1984 (no, George Orwell non c’entra nulla), nel pieno delle Finals Nba: Los Angeles Lakers contro Boston Celtics. Il massimo, allora e non solo, in termini di allure. La mitologia dei Lakers dello Showtime, Kareem Abdul-Jabbar, Magic Johnson, coach Pat Riley di Armani vestito in panchina e i loro opposti antropologici: i Boston Celtics di Larry Bird

Il 3 giugno in gara tre i Lakers spazzano via i Celtics al Forum e si portano sul 2-1 (il titolo va a chi vince quattro partite su sette), sembrano avere in mano la serie e il titolo di “Campioni del mondo“. Sì, perché allora gli americani non consideravano neppure possibile si potesse giocare a basket fuori dal proprio Paese e quindi il campione degli Stati Uniti era automaticamente “Campione del mondo”. 

Torniamo a quella lontana serata a LA: negli spogliatoi il leader indiscusso di Boston, Larry Bird, è una furia. Ce l’ha con i compagni, sé stesso, il coach, tutta la squadra. Considera inaccettabile che i Celtics si siano fatti umiliare e pronuncia la seguente frase davanti a un numero imprecisato di telecamere e microfoni: «Abbiamo giocato come delle femminucce». Proprio così e nessuno fa una piega, né al momento né il giorno dopo.

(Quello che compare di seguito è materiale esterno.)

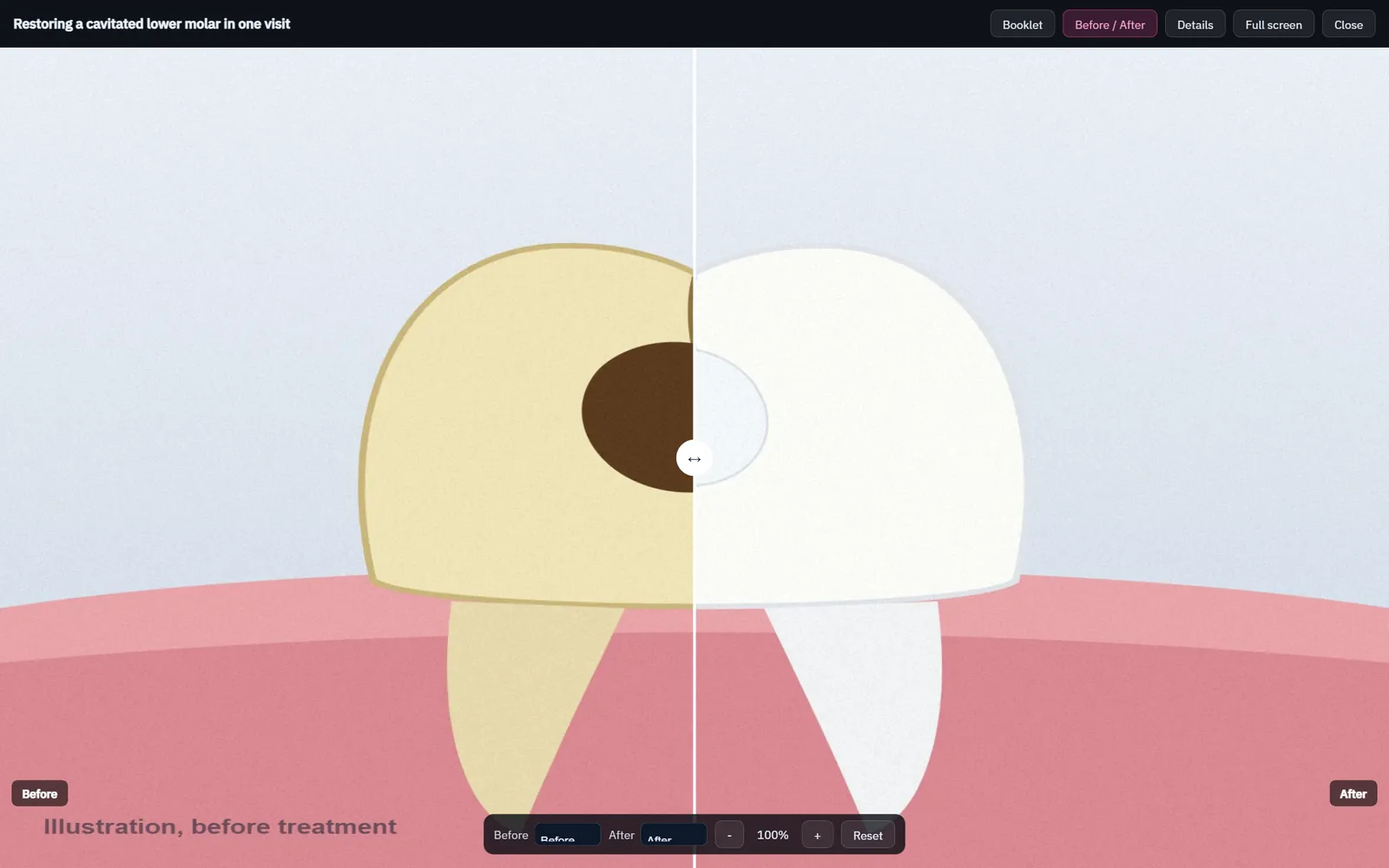 Before-and-after case study viewer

6 giugno 1984, gara quattro ancora al Forum di Los Angeles: i Celtics la mettono sulla rissa e mandano in tilt lo Showtime dei Lakers. Risultato: vince Boston e cambia la storia della finale, che si chiuderà il 12 giugno con il trionfo di Larry Bird e dei biancoverdi in gara sette. Quello che ci interessa era però accaduto negli spogliatoi del Forum al termine di gara quattro quando Larry Bird aveva seraficamente commentato: «Questa sera non abbiamo giocato da femminucce e signorine». 

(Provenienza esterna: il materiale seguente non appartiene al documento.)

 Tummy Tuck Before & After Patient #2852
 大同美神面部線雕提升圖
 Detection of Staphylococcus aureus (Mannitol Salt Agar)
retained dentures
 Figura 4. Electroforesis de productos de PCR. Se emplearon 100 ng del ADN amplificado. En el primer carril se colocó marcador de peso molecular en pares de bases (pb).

Sono passati quarant’anni, è cambiato quasi tutto in termini sociali e di comunicazione. Proprio gli Stati Uniti d’America sono diventati la patria dell’ideologia woke e di un politicamente corretto ai limiti del soffocante e talvolta del paradossale. Esagerazioni a parte, non si può restare insensibili davanti a un’evoluzione che certo non è solo del linguaggio. Quel lontano episodio, i personaggi coinvolti – ancora oggi giustamente considerati dei totem del loro mondo – e l’assoluta indifferenza con cui all’epoca si usavano termini, immagini e concetti oggi ‘radioattivi’ ci ricordano che il nostro destino è l’evoluzione e il progresso. Al contempo, però, quanto stia a noi non farci prendere la mano, non confondere forma e sostanza, non provocare paradossalmente reazioni contrarie, imponendo codici morali artificiosi. 

Nessuno si sognerebbe di parlare così di “femminucce” o “signorine”, per manifesta ridicolaggine. Oggi i più alti indici d’ascolto televisivi – ci riferiamo a una settimana fa – non li ha fatti segnare l’Nba, ma il basket collegiale femminile. Sì, avete letto bene (ne abbiamo scritto su La Ragione) grazie al fenomeno Caitlin Clark. Le cose cambiano, le cose evolvono, cerchiamo di non essere noi l’ostacolo.